Improper integral with residue theorem why is condition no real zeros needed? If I apply the residue theorem to evaluate the improper integral $\int_{-\infty}^{\infty}\frac{1}{x^2}\mathrm{d}x$ then all necessary conditions are fulfilled except that f has no real singularities. It‘s clear that the principal value doesn‘t exist but the only meaningful value of the integral would have to be infinite, but with the residue theorem the integral should be zero. So is the Problem here that the curve which is used to derive the theorem doesn’t include the singularity or where else is the problem?

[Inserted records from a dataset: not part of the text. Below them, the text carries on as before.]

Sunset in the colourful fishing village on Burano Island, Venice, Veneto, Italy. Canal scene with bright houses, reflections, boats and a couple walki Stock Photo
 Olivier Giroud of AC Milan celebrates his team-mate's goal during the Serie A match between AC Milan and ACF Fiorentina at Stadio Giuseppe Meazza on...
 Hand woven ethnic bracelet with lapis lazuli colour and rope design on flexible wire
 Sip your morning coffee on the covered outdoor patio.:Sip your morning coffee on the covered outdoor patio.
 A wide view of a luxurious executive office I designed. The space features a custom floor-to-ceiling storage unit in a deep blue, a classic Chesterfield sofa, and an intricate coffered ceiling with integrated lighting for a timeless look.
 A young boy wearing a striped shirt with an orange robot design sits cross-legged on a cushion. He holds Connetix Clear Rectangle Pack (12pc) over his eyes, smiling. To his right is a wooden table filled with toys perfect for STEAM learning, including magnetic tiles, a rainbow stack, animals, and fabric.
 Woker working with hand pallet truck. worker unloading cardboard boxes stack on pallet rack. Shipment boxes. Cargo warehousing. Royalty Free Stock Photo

 A: The contour you take will go from $-N$ to $-\epsilon$, around the semicircle $\gamma_\epsilon$ (clockwise) to $\epsilon$, then to $N$, then around the large semicircle $\Gamma_N$ (counterclockwise). So you get
$$\int_{-N}^{-\epsilon} f(z)\,dz + \int_{\gamma_\epsilon} f(z)\,dz + \int_\epsilon^N f(z)\,dz + \int_{\Gamma_N} f(z)\,dz = 0.$$
In the limit, we get
$$P.V. \int_{-\infty}^\infty \frac{dx}{x^2} = -\lim_{\epsilon\to 0^+}\int_{\gamma_\epsilon} f(z)\,dz = \lim_{\epsilon\to 0^+} \frac2\epsilon = \infty.$$
I should comment that one often sees applications similar to this. The standard one is the computation of $\displaystyle\int_{-\infty}^\infty \frac{\sin x}{x}dx$ by integrating $\dfrac{e^{iz}}z$. Taking the contour I suggested gives the result (with a little bit of work justifying why the limit of the integral over $\Gamma_N$ goes to $0$). Of course, this function has a simple pole at $0$.
A: Consider $f:\mathbb{C}\setminus\{0\}\rightarrow\mathbb{C}$ with $$f(z)=\frac1{z}.$$ If the contour of integration were to be closed curve enclosing $0,$ then according to the residue theorem, the integral would be $0.$ However, the contour you have does not enclose $0,$ but passes through $0,$ and a contour cannot pass through $0$ for the integral. Therefore, the integral does not exist, which is to say, $f$ is not Lebesgue integrable over said contour.